Uno speciale sulla pasta – Puntata n. 1 Dov’è nata la “pasta secca”?

Facciamo un salto indietro nel tempo: siamo a Trabia, in provincia di Palermo, nel periodo della Sicilia musulmana in epoca medioevale. Ed è proprio da qui che la pasta secca di semola di grano duro ha conquistato l’Italia passando da Napoli, poi Genova fino a coprire l’intero bacino del Mediterraneo.

Il geografo arabo Idrisi parla di “un importante polo produttivo di pasta in forma di fili”.

Perché è così unica la nostra pasta?

Intanto perché la pasta italiana è l’unica che – per legge – deve contenere solo grano duro di qualità. Ecco svelato il segreto che ha permesso ai nostri spaghetti di diventare i più amati al mondo.

Come per tutti gli alimenti, anche per realizzare la pasta “migliore del mondo”, sono necessari i grani più pregiati che esistano e la capacità di riconoscerli, dote affinata da secoli di esperienza della tradizione pastaia italiana.

Ben 50 anni fa è stata pubblicata la legge di purezza della pasta (L. 580/67). Si tratta dell’unica normativa al mondo che garantisce i consumatori (e vincola i produttori) dato che stabilisce i parametri di qualità e le caratteristiche del prodotto e della sua materia prima. Se anche una sola di queste specificità non viene rispettata, il grano non è adatto alla pastificazione e il prodotto finale non può essere chiamato pasta.

In un mondo che mangia e produce sempre più pasta, la competitività della pasta “Made in Italy” è legata, quindi, a doppio filo alla qualità delle sue materie prime.

Il grano è un prodotto agricolo e, a seconda delle condizioni climatiche, lo stesso terreno potrà produrre un anno un raccolto eccellente, l’anno dopo uno meno buono, e così via.
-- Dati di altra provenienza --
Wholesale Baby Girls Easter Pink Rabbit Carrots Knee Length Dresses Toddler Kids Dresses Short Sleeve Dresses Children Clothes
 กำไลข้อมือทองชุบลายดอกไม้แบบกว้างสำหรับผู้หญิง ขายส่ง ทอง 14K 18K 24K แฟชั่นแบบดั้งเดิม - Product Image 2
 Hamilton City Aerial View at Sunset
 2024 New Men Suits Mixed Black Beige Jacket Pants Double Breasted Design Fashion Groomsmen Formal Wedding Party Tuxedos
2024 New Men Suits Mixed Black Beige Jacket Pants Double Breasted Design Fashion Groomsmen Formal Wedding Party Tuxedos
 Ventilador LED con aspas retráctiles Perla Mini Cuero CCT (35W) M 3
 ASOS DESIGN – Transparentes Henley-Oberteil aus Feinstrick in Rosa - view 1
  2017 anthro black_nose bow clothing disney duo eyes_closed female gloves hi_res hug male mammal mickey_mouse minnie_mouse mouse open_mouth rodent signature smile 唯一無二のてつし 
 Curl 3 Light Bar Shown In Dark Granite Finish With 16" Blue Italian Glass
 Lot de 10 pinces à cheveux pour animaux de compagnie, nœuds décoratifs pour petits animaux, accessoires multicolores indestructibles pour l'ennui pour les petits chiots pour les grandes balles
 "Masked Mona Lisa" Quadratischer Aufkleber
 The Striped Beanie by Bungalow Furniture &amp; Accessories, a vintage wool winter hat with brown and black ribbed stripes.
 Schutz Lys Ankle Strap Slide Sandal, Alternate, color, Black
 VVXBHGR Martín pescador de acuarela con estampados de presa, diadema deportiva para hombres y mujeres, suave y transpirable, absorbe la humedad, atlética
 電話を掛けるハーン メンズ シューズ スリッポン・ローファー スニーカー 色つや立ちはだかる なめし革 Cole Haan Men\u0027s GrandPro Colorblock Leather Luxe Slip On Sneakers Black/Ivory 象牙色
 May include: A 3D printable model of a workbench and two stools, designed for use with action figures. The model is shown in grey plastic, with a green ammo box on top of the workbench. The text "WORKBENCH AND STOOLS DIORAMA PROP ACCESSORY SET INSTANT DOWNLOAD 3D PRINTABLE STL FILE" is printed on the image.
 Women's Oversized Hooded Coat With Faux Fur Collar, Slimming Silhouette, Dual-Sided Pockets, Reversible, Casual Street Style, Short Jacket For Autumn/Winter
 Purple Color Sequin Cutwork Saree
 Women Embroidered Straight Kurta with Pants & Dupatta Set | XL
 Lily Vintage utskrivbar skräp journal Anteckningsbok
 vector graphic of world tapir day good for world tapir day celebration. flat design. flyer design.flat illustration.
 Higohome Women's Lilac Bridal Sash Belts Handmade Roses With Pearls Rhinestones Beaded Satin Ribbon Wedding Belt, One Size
Per questo i pastai cercano, scelgono e miscelano i grani migliori al mondo, combinando le diverse varietà di grano per assicurare la qualità costante della nostra pasta.

La legge parla chiaro: la pasta italiana dev’essere fatta di solo grano duro e i chicchi devono essere vitrei e non farinosi, ottenendo un prodotto grossolano e spigoloso dal caratteristico colore ambrato – appunto la semola – che mischiato con acqua produce un impasto molto tenace.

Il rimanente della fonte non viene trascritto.